CMC-BJP blame game over state of Maidan after Modi rally

By TT Bureau in Calcutta
  • Published 6.04.19, 4:00 AM
  • Updated 6.04.19, 4:00 AM
  • 2 mins read
  •  
The Brigade Parade Grounds after it was cleaned on Friday. Picture by Pradip Sanyal

The Brigade Parade Grounds was restored on Friday, after remaining under thermocol plates and plastic bags and cups since the BJP rally on Wednesday.

The BJP as well as the Calcutta Municipal Corporation claimed credit for the clean-up and accused each other for not doing its bit in cleaning up the city’s lungs over the past two days.

Metro visited the ground twice on Friday, around 10am and 5pm. The ground had been restored by the second visit, barring the lone hangar that stood in the middle of the greens.

A battery of mini-trucks with sacks of garbage and aluminium sheets used to build the hangars stood on the Maidan. Altogether, nine hangars had been set up for the rally.

During the morning visit, this newspaper saw around 50 people — BJP volunteers and labourers — cleaning up the ground. They were stashing the abandoned items into sacks, which were being loaded on mini-trucks.

This newspaper reported on Friday that plastic cups, crumpled pieces of paper, plastic bottles and plates with leftover food were strewn all around on Thursday afternoon, more than 24 hours after Prime Minister Narendra Modi had addressed the rally.

As for their Friday’s clean-up drive, Prasenjit Bhowmick, a BJP leader and the state convenor of the Swachh Bharat Mission, said: “Our volunteers started removing the litter at 6.30am. The work got over after 4pm.”

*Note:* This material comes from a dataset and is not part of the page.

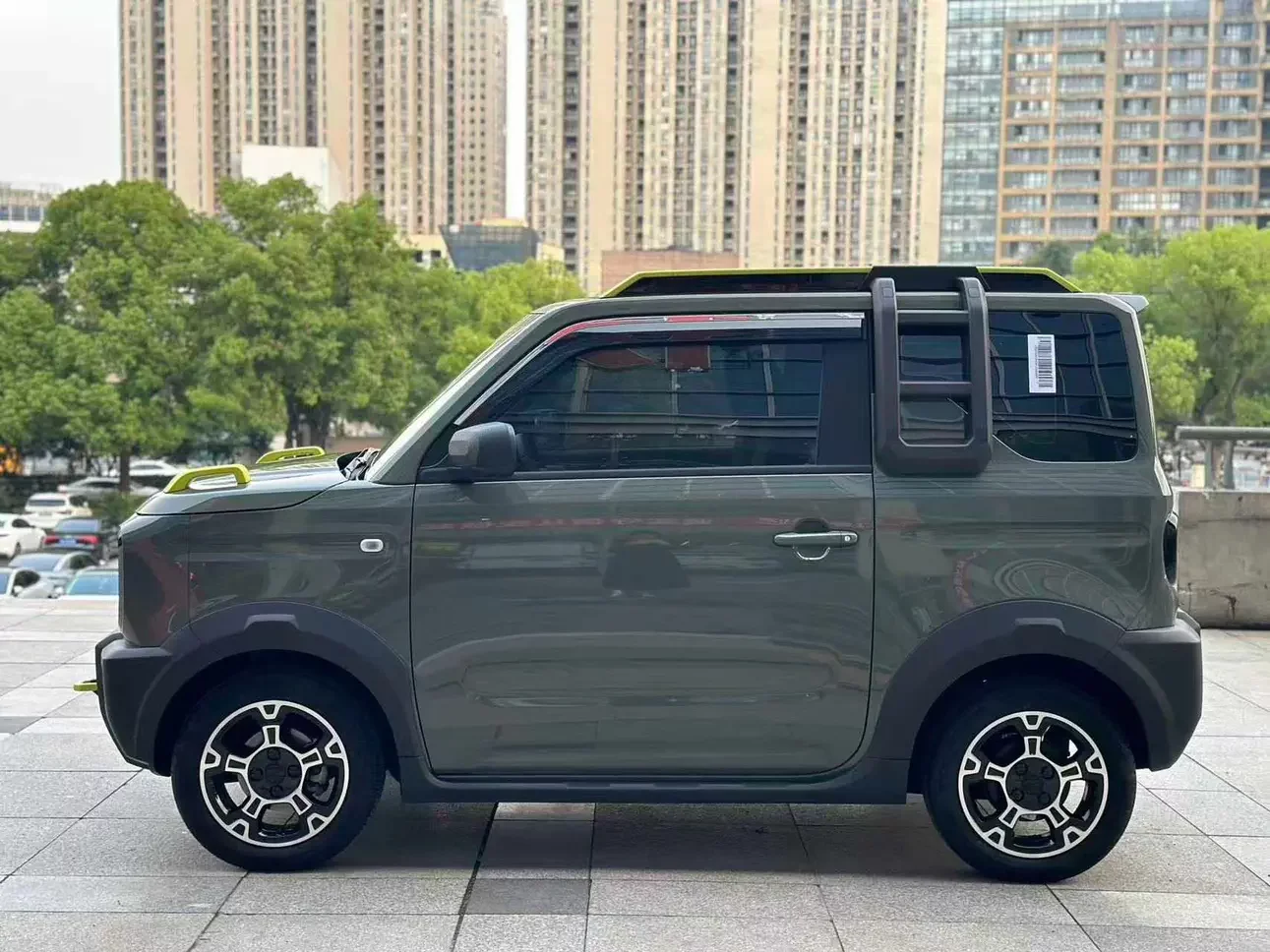 Geely panda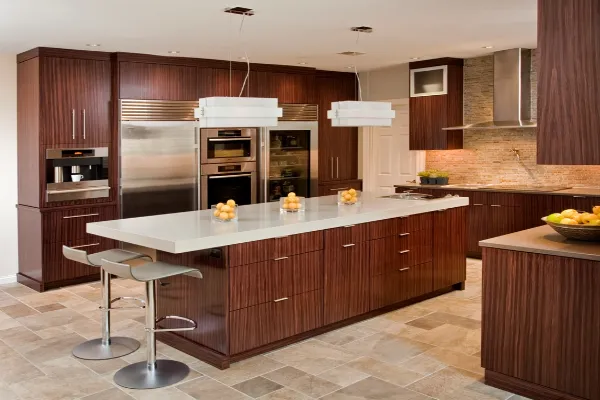 Wide Range of Applications for Rose Gum Natural Wood Veneer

A clean-up drive on the Maidan supervised by BJP leaders on Friday morning.
A clean-up drive on the Maidan supervised by BJP leaders on Friday morning. Picture by Gautam Bose

Sanjay Singh, one of the state general secretaries of the party, was supervising the clean-up. “More than 250 volunteers and around 50 labourers did the job,” he told this newspaper in the evening.

“More than 600 sacks of garbage had been collected from the Maidan. More than 15 mini-trucks made a number of rounds to remove the litter.”

A team of BJP volunteers had removed some litter on Thursday but had to suspend the drive to make room for workers dismantling the hangars.

The CMC, on its part, claimed credit for the clean-up and blamed the BJP for doing too little too late.

“We had sent a notice to the Bengal BJP for not starting the clean-up after the rally ended on Wednesday. They did not even bother to appeal to us to restore the ground,” said Debabrata Majumder, mayoral council member in charge of solid waste management.

The civic body, he said, sent multiple teams to the Maidan to remove the garbage. “I supervised the operation on one stretch. We deployed 50 men, 10 battery-powered vehicles and a movable compactor on that stretch,” said Shailendra Singh, a solid waste management overseer at the CMC.

An official said 250 men, split into five groups, were involved in the clean-up at the entire rally site. Twenty battery-power vehicles and two movable compactors were involved.

Singh said only the stretch under the hangars and a few other parts of the rally site had been cleaned by the time the civic teams arrived. “Long stretches along the Elliot Park-end of the ground were still covered with litter. Garbage sacks were lying at several corners. We took them to the nearest compactor stations in Bhowanipore and Kidderpore,” said Singh.

Sanjay Singh of the BJP, who said he had been overseeing the clean-up by his party volunteers since 7am, claimed: “I did not see any team from the CMC.”

The CMC’s delayed response was in contrast to what it does after Trinamul’s July 21 rally. A battery of men and machines descend on the Brigade Parade Grounds to remove the garbage immediately after the rally ends.

Mayor Firhad Hakim had said on Thursday the BJP had not sought the CMC’s help in cleaning the ground.